By way of comparison, Fernando Alonso ( Diaz ) is a well-known name in European circles and a household name in his home country of Spain. Fernando has raced in Formula 1 since 2001 and has driven for the Minardi, Renault, McLaren and Ferrari teams during which time he has become the all-time biggest points scorer in Formula 1 ( aided by a much changed points system in recent years ), he has also been World Champion twice and has recorded 32 Grands Prix wins and has career earnings in excess of 200m USD. In his career to date, Alonso has used six different race numbers the most used of which is the #5 which he used in 2005, 2008,, 2011 and 2012. This season, Fernando had the #3 on his Ferrari.

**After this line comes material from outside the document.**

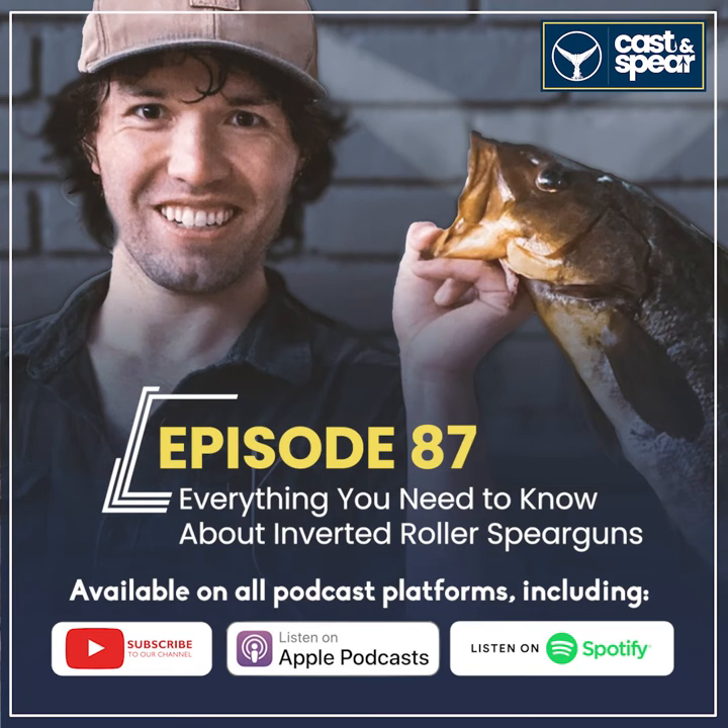Another thing: you can learn your gun better when there's less recoil. For example, if my shaft is bent without me knowing it, or I just changed a set of bands or tinkered with the gun, with less recoil I can follow how the shaft is flying as soon as I pull the trigger. You don't have the gun jumping in your face and a huge cavitation bubble obstructing your vision like with a traditional gun. With the inverted roller, I pull the trigger and I can just watch the shaft fly — the gun doesn't even kick. It's nuts.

A recent decision by the new “Formula 1 Strategy Group” will see Formula 1 drivers issued with permanent starting numbers along the lines of NASCAR and the choice of number will be at the discretion of each driver with the World Champion also having the option to plump for the coveted #1.

From a fan perspective, the statistics show that fans relate more to a permanent numbering system – compare and contrast NASCAR merchandising sales with those of their Formula 1 counterparts. So let’s see what effect this may have on Formula 1 and whilst you’re at it Formula 1 Strategy Group, please ensure that you regulate the size and positioning of the numbers so that we can actually see and identify our heroes as they race around the track.